*Assigned task*:
What is needed is a verbatim copy of each record below.

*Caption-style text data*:
..........
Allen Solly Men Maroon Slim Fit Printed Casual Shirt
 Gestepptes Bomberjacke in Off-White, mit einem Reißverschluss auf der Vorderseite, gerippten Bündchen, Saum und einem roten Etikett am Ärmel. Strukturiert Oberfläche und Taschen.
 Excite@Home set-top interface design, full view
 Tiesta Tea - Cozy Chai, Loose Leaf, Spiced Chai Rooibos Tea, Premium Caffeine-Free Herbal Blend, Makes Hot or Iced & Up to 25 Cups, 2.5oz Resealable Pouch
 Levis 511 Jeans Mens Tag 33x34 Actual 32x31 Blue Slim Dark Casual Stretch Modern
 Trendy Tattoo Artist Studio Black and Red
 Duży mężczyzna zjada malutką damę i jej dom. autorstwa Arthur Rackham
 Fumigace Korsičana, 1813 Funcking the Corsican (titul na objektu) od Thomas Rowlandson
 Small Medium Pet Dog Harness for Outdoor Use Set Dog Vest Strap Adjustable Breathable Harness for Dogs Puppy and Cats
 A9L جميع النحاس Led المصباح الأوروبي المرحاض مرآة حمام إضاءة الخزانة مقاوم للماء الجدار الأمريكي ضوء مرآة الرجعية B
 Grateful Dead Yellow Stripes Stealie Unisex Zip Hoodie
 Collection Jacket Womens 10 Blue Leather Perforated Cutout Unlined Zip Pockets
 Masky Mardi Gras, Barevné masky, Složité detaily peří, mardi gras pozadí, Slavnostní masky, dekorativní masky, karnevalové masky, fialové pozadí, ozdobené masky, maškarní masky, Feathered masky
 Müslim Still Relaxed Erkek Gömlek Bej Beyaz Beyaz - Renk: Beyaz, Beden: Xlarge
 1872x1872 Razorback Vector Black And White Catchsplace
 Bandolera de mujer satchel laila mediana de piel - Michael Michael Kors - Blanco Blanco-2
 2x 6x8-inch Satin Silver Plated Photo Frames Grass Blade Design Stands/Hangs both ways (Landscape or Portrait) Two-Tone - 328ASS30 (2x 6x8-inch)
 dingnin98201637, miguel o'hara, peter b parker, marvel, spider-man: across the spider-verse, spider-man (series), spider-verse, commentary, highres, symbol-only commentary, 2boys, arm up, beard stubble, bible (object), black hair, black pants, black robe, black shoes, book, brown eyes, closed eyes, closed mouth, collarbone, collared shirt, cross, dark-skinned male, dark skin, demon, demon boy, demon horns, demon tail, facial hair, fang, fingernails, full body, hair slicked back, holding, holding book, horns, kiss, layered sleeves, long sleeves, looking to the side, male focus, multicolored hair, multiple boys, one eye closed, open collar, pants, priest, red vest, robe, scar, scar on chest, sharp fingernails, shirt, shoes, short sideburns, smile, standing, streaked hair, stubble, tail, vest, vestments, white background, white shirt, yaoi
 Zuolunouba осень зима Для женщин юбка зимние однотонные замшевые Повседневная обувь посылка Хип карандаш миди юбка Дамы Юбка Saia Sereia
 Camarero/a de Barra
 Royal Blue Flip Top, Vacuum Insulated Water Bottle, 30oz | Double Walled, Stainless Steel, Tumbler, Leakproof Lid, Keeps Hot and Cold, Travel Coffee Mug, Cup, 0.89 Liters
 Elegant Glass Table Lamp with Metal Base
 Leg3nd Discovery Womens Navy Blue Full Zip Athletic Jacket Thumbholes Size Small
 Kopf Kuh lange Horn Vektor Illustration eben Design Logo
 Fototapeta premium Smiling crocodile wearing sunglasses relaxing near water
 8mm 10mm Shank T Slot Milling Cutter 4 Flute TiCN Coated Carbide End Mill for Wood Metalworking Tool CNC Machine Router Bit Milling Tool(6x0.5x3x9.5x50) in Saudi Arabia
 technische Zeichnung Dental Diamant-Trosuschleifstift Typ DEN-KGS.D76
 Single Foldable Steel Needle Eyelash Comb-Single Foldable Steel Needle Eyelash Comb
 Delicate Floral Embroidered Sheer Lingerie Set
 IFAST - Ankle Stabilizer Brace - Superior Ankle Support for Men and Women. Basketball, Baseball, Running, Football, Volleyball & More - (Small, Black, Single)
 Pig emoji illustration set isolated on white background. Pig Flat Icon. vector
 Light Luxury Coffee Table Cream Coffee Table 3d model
..........
*Exercise answer*:
Allen Solly Men Maroon Slim Fit Printed Casual Shirt
 Gestepptes Bomberjacke in Off-White, mit einem Reißverschluss auf der Vorderseite, gerippten Bündchen, Saum und einem roten Etikett am Ärmel. Strukturiert Oberfläche und Taschen.
 Excite@Home set-top interface design, full view
 Tiesta Tea - Cozy Chai, Loose Leaf, Spiced Chai Rooibos Tea, Premium Caffeine-Free Herbal Blend, Makes Hot or Iced & Up to 25 Cups, 2.5oz Resealable Pouch
 Levis 511 Jeans Mens Tag 33x34 Actual 32x31 Blue Slim Dark Casual Stretch Modern
 Trendy Tattoo Artist Studio Black and Red
 Duży mężczyzna zjada malutką damę i jej dom. autorstwa Arthur Rackham
 Fumigace Korsičana, 1813 Funcking the Corsican (titul na objektu) od Thomas Rowlandson
 Small Medium Pet Dog Harness for Outdoor Use Set Dog Vest Strap Adjustable Breathable Harness for Dogs Puppy and Cats
 A9L جميع النحاس Led المصباح الأوروبي المرحاض مرآة حمام إضاءة الخزانة مقاوم للماء الجدار الأمريكي ضوء مرآة الرجعية B
 Grateful Dead Yellow Stripes Stealie Unisex Zip Hoodie
 Collection Jacket Womens 10 Blue Leather Perforated Cutout Unlined Zip Pockets
 Masky Mardi Gras, Barevné masky, Složité detaily peří, mardi gras pozadí, Slavnostní masky, dekorativní masky, karnevalové masky, fialové pozadí, ozdobené masky, maškarní masky, Feathered masky
 Müslim Still Relaxed Erkek Gömlek Bej Beyaz Beyaz - Renk: Beyaz, Beden: Xlarge
 1872x1872 Razorback Vector Black And White Catchsplace
 Bandolera de mujer satchel laila mediana de piel - Michael Michael Kors - Blanco Blanco-2
 2x 6x8-inch Satin Silver Plated Photo Frames Grass Blade Design Stands/Hangs both ways (Landscape or Portrait) Two-Tone - 328ASS30 (2x 6x8-inch)
 dingnin98201637, miguel o'hara, peter b parker, marvel, spider-man: across the spider-verse, spider-man (series), spider-verse, commentary, highres, symbol-only commentary, 2boys, arm up, beard stubble, bible (object), black hair, black pants, black robe, black shoes, book, brown eyes, closed eyes, closed mouth, collarbone, collared shirt, cross, dark-skinned male, dark skin, demon, demon boy, demon horns, demon tail, facial hair, fang, fingernails, full body, hair slicked back, holding, holding book, horns, kiss, layered sleeves, long sleeves, looking to the side, male focus, multicolored hair, multiple boys, one eye closed, open collar, pants, priest, red vest, robe, scar, scar on chest, sharp fingernails, shirt, shoes, short sideburns, smile, standing, streaked hair, stubble, tail, vest, vestments, white background, white shirt, yaoi
 Zuolunouba осень зима Для женщин юбка зимние однотонные замшевые Повседневная обувь посылка Хип карандаш миди юбка Дамы Юбка Saia Sereia
 Camarero/a de Barra
 Royal Blue Flip Top, Vacuum Insulated Water Bottle, 30oz | Double Walled, Stainless Steel, Tumbler, Leakproof Lid, Keeps Hot and Cold, Travel Coffee Mug, Cup, 0.89 Liters
 Elegant Glass Table Lamp with Metal Base
 Leg3nd Discovery Womens Navy Blue Full Zip Athletic Jacket Thumbholes Size Small
 Kopf Kuh lange Horn Vektor Illustration eben Design Logo
 Fototapeta premium Smiling crocodile wearing sunglasses relaxing near water
 8mm 10mm Shank T Slot Milling Cutter 4 Flute TiCN Coated Carbide End Mill for Wood Metalworking Tool CNC Machine Router Bit Milling Tool(6x0.5x3x9.5x50) in Saudi Arabia
 technische Zeichnung Dental Diamant-Trosuschleifstift Typ DEN-KGS.D76
 Single Foldable Steel Needle Eyelash Comb-Single Foldable Steel Needle Eyelash Comb
 Delicate Floral Embroidered Sheer Lingerie Set
 IFAST - Ankle Stabilizer Brace - Superior Ankle Support for Men and Women. Basketball, Baseball, Running, Football, Volleyball & More - (Small, Black, Single)
 Pig emoji illustration set isolated on white background. Pig Flat Icon. vector
 Light Luxury Coffee Table Cream Coffee Table 3d model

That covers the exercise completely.